My coworkers all told me I had to buy a computer for my child because otherwise the poor thing's intellect would suffer. So I sold our refrigerator, color TV, nightstands and some other things and finally bought a computer. My boy was so excited he spent the whole day with his head stuck in the computer and didn't even come out to eat
Before long he'd gone from Future Times back to The Era of Empires, and then delved into The Stone Age. Playing those games not only broadened his horizons, it also gave him the courage to skip school. He'd sneak back in the house after I'd gone to work and immerse himself in "stone tools", "empires" and other virtual worlds. When final exams came around, he failed them all. The school sent us a warning that he'd be kicked out.

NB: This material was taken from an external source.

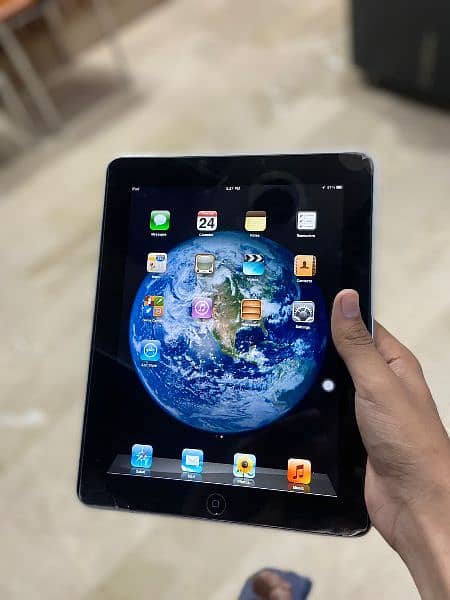 Apple I Pad 1 2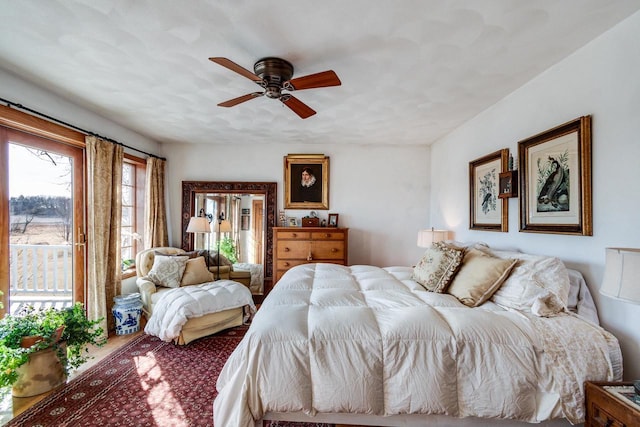 bedroom with ceiling fan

I had to resort to violence. I punished him physically and strictly forbade him from touching the gaming software any more.
My son turned to chatting and making friends on the internet, and he soon found himself a girlfriend. Pining for her made this ignorant little child go all day without eating of drinking, his eyes glistening with tears. He almost fainted when this young miss, who was known as "Meow Kitty" on the net, showed up at our front door. She turned out to be a forty-plus widow with grey hair.
In a fit of anger, I smashed the computer. My son lost his senses at the same time. He ran all over like he was on drugs, looking for the computer. Then what I'd feared would happen, did.
I got a phone call from the police precinct the day before yesterday. My son was in custody and they wanted me to come and fill out some paperwork.
An officer at the Detention Center told me what had happened. My son had broken into someone's residence and sat in front of their computer playing around for a whole day, until the owner came home from work and discovered the unfamiliar intruder and called the cops. As my son told it, he'd originally planned to steal the computer, but he couldn't resist the urge to sit right down and get on the net. He started playing on the computer like he was scratching an itch, and then the owner caught him. The cop said he would have to go to a Reform through Labor Camp this time, because it was the third time he'd done this.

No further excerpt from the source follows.